Artist Bill Shafer from Mt. Orab poses with some of his paintings at Bethel’s BAMFest.
By Jordan Puckett
Sun staff

The fourth Bethel Arts and Music Festival was held Saturday, May 11. Though normally a crowded, popular event, the cold weather proved to be a deterrent for most this year. According to BAMFest committee member Judi Adams, the turnout this year was less than half of the usual 2,000 attendants.

Vendors and artists began setup at 8 a.m. A few sat in their cars and watched. Many more of them sat under their tents, huddled in blankets, and waited for people to come.

Outside the park, musicians set up on street corners and played to passersby, many of them attracting their own audiences. Just outside Burke Park, there were remote control airplane displays that gathered small crowds. Inside the park, vendors and artists entertained customers with their products.

One such vendor, painter Bill Shafer, of Mt. Orab, had numerous paintings under his tent and was eager to show them to BAMFest attendants. Shafer has only been painting for two years, yet he already has an impressive collection. He paints animals and landscapes and sells them as high quality prints.

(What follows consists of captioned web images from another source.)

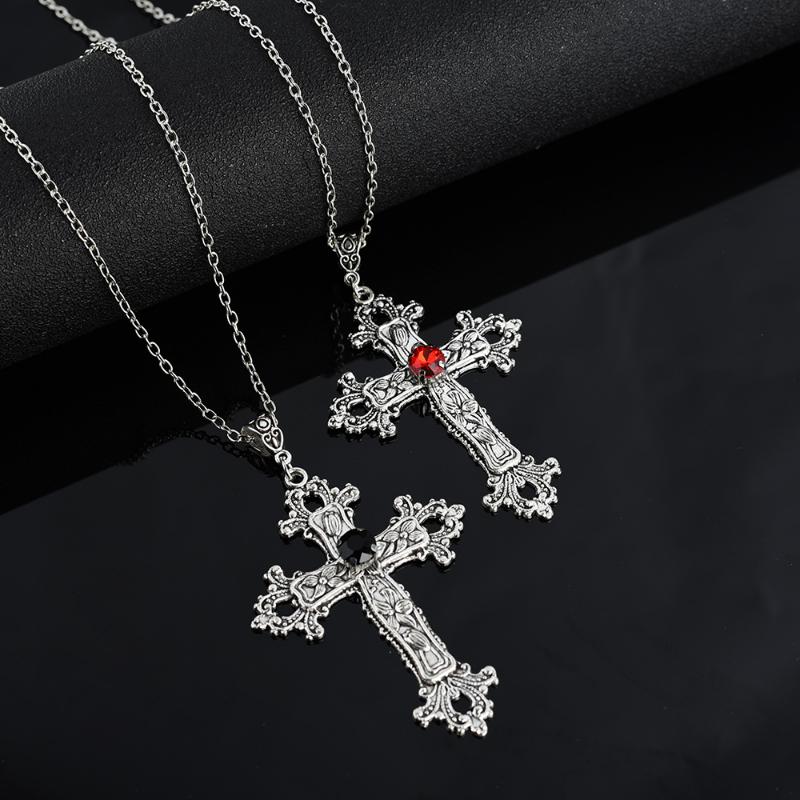 Large Gothic Cross Drill Pendant Jewelry Necklace Silver Color Red Tone Punk Jewellery Fashion Charm Statement Women Gift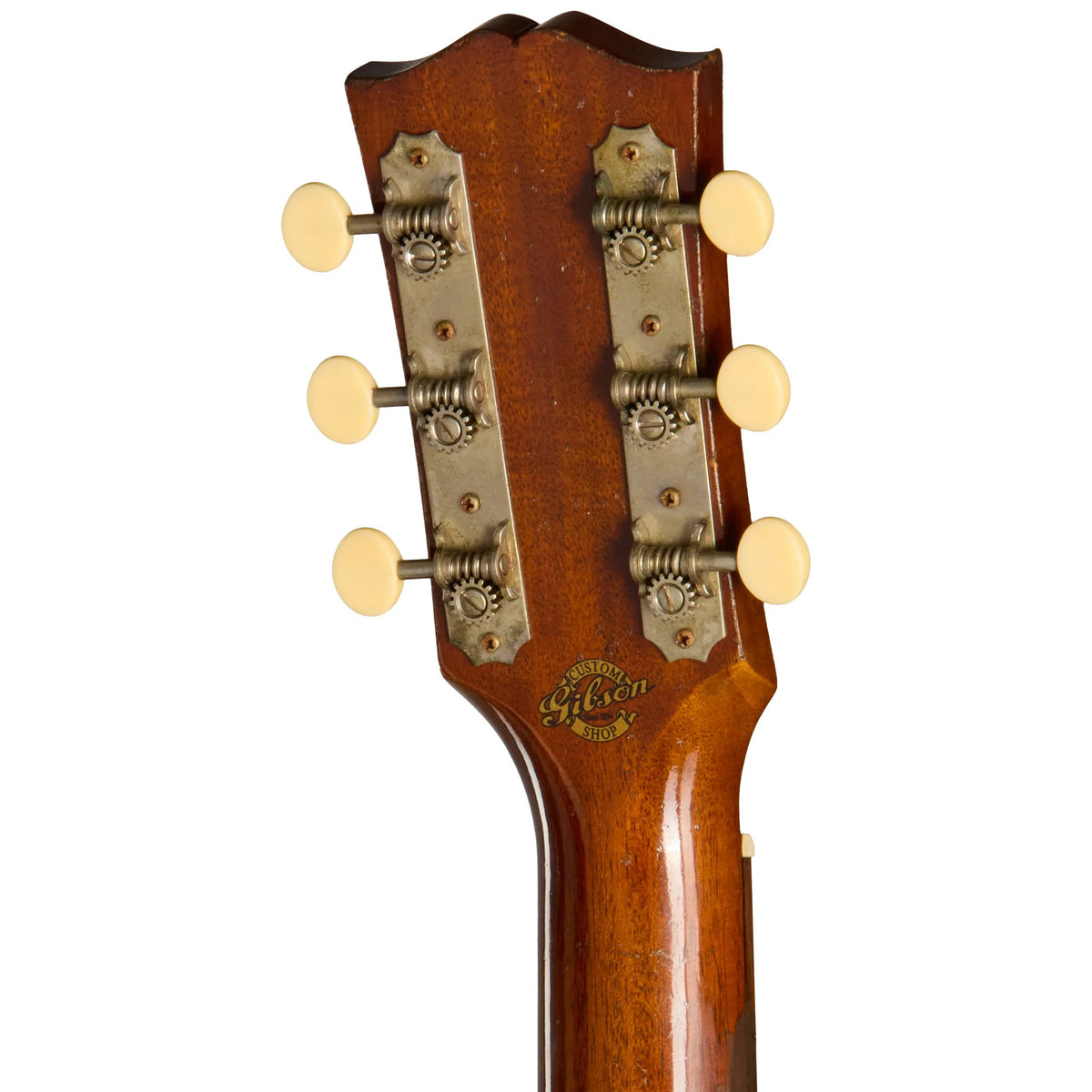 Đàn guitar acoustic Gibson Custom 1942 Banner LG-2 màu Heavy Aged Dark Tobacco Burst – mặt sau đầu đàn và bộ khóa lên dây
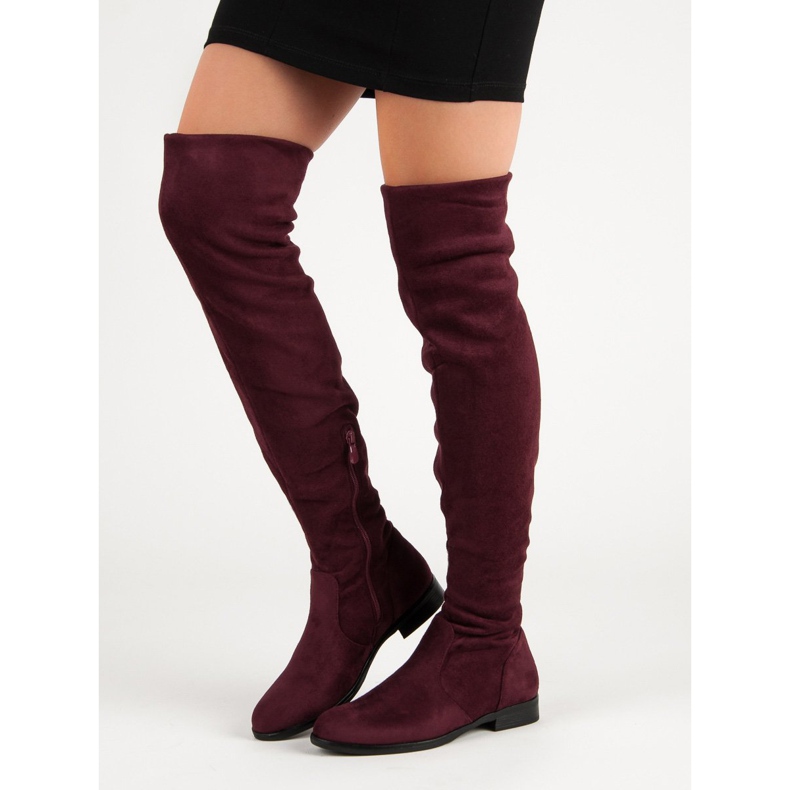 Super Me Over-the-knee boots on a flat heel red 1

Another artist present for the BAMFest was Craig Newland. Newland creates art using spray paint. He sells his paintings through his business, Craig’s Creations.

There were many other forms of art represented at the BAMFest, such as woodworking, pottery, and knitted scarves to name a few.

A car show also took place, though many of the expected cars were absent due to the weather. Dr. Charles Barngrover brought his red and white 1961 Nash Metropolitan, despite concerns of rain.

“It was worth it to come out here today,” Barngrover said.

Several prizes were also awarded during the festival. Some of these include a wine basket donated by the Harmony Hill Winery, a doll house donated by Howard Jones, a Henry Sierra Rifle donated by Arcade Antiques and Guns, and a flatscreen TV donated by E.C. Nurre Funeral Home.

Along with the art and cars, there was an arts and crafts area for kids, the Bethel Historical Museum was open to the public, a quilt show was held at the Bethel United Methodist Church, and there was live music at the park. Performers included Tim Snyder, Bryon Cox, the Tom Frietchen Band, and the Batavia High School Jazz Band.

“The kid’s area was a big success,” Adams said. “We almost ran out of supplies at one station where the kids were making things for Mother’s Day.”

Adams also said the quilt show was “absolutely fabulous” and the Batavia High School Jazz Band was “wonderful.”

“We wish the crowd would have been bigger,” Adams said, “but the people that did come had a good time and that’s what matters.”